Problem to solve:
The line that contains "two horses and" marks the start. Please set it down, with every later line of the data, exactly and without pictures.
*** Supplied material Section Begins ***
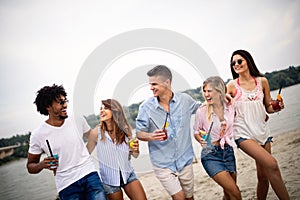 Group of friends having fun on the beach. Summer holidays, vacation and people concept.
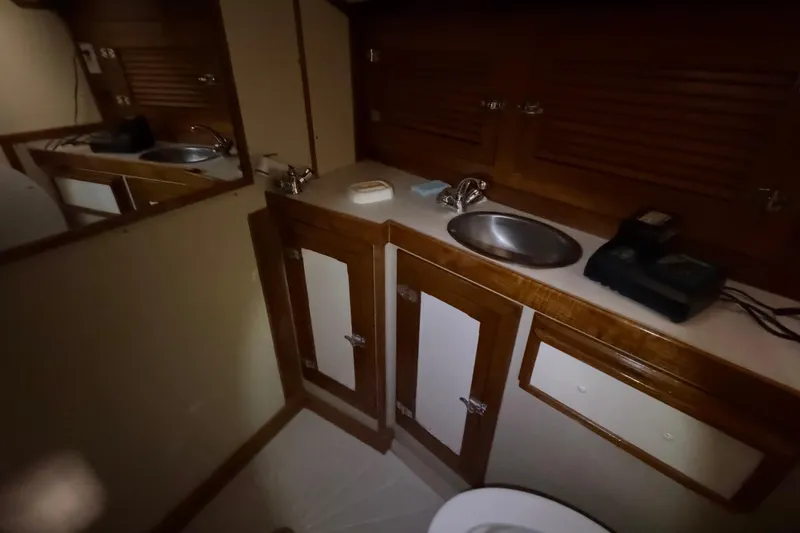 Slide: The Image of 1978 CSY 44 Center Cockpit bathroom with wooden cabinets and stainless steel sink. - 22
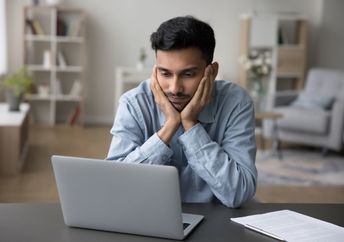 A man who is stuck in a procrastination cycle.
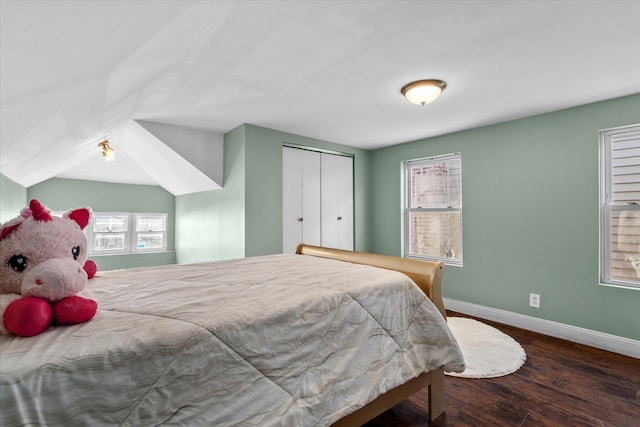 bedroom with dark hardwood / wood-style flooring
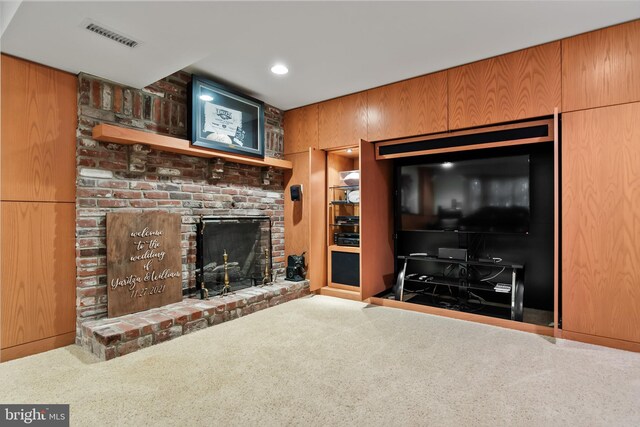 unfurnished living room with wood walls, carpet, and a brick fireplace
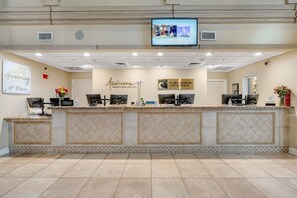 Una recepción de hotel con un televisor de pantalla plana, un letrero del Hilton Grand Vacations Club y un cartel que indica el cuarto piso.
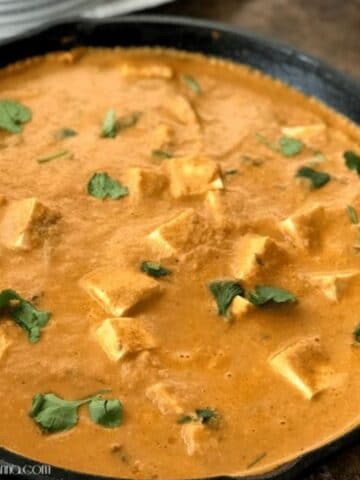 A cast iron pan is filled with tofu butter masala curry and topped with cilantro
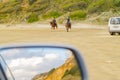 two horses and riders on beach with dunes reflected in car rear vision mirror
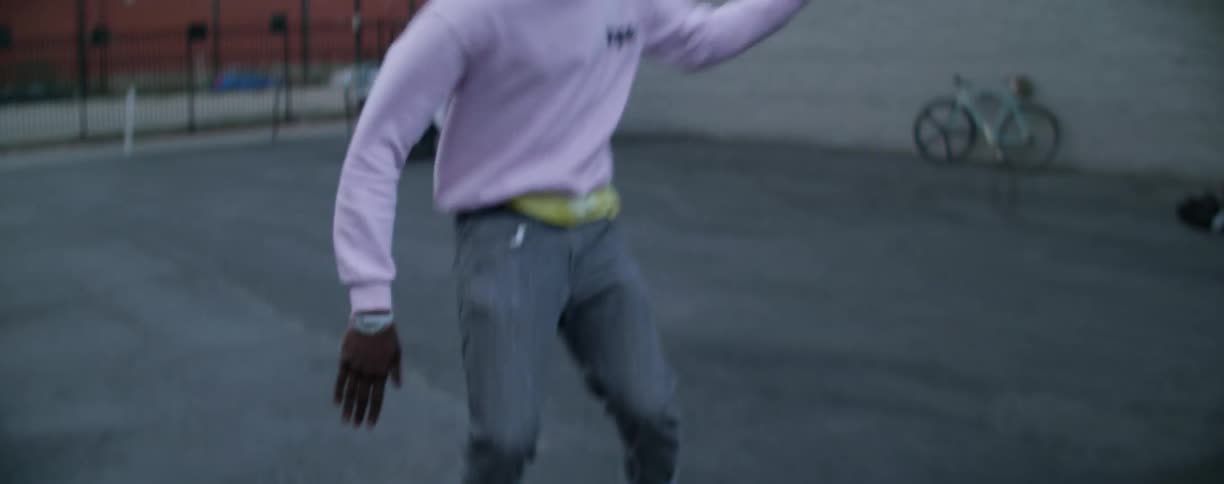 Man spins on a skateboard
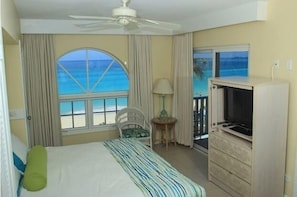 Una camera d'albergo con un letto, una televisione, una ventola a soffitto, una finestra vista oceano e un tavolino con una lampada.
*** Supplied material Section Ends ***
Answer to the problem:
 two horses and riders on beach with dunes reflected in car rear vision mirror
 Man spins on a skateboard
 Una camera d'albergo con un letto, una televisione, una ventola a soffitto, una finestra vista oceano e un tavolino con una lampada.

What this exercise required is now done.